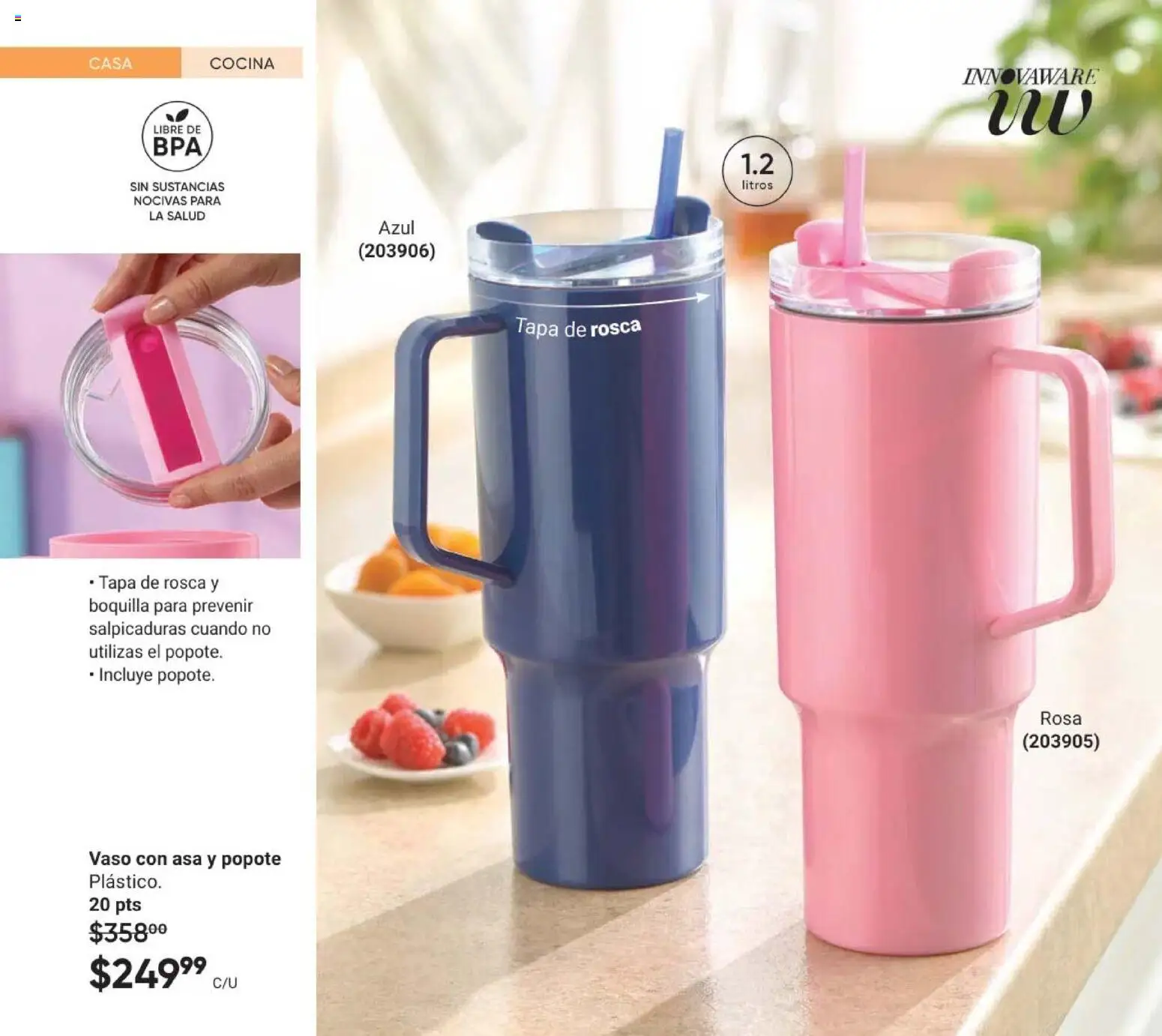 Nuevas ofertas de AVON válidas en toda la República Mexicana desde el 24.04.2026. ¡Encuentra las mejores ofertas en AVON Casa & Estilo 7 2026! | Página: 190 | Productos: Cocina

==

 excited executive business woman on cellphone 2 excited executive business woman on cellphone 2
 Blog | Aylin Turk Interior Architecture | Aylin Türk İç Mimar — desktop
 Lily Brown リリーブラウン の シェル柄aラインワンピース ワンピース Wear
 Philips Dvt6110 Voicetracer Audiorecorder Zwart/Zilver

▶ TASK DIRECTIONS
Output, from the data above, the lines from the line with "excited executive business woman on cellphone 2 excited" to the line with "Philips Dvt6110 Voicetracer" exactly as they stand, both ends included and nothing else.

▶ EXERCISE RESPONSE
 excited executive business woman on cellphone 2 excited executive business woman on cellphone 2
 Blog | Aylin Turk Interior Architecture | Aylin Türk İç Mimar — desktop
 Lily Brown リリーブラウン の シェル柄aラインワンピース ワンピース Wear
 Philips Dvt6110 Voicetracer Audiorecorder Zwart/Zilver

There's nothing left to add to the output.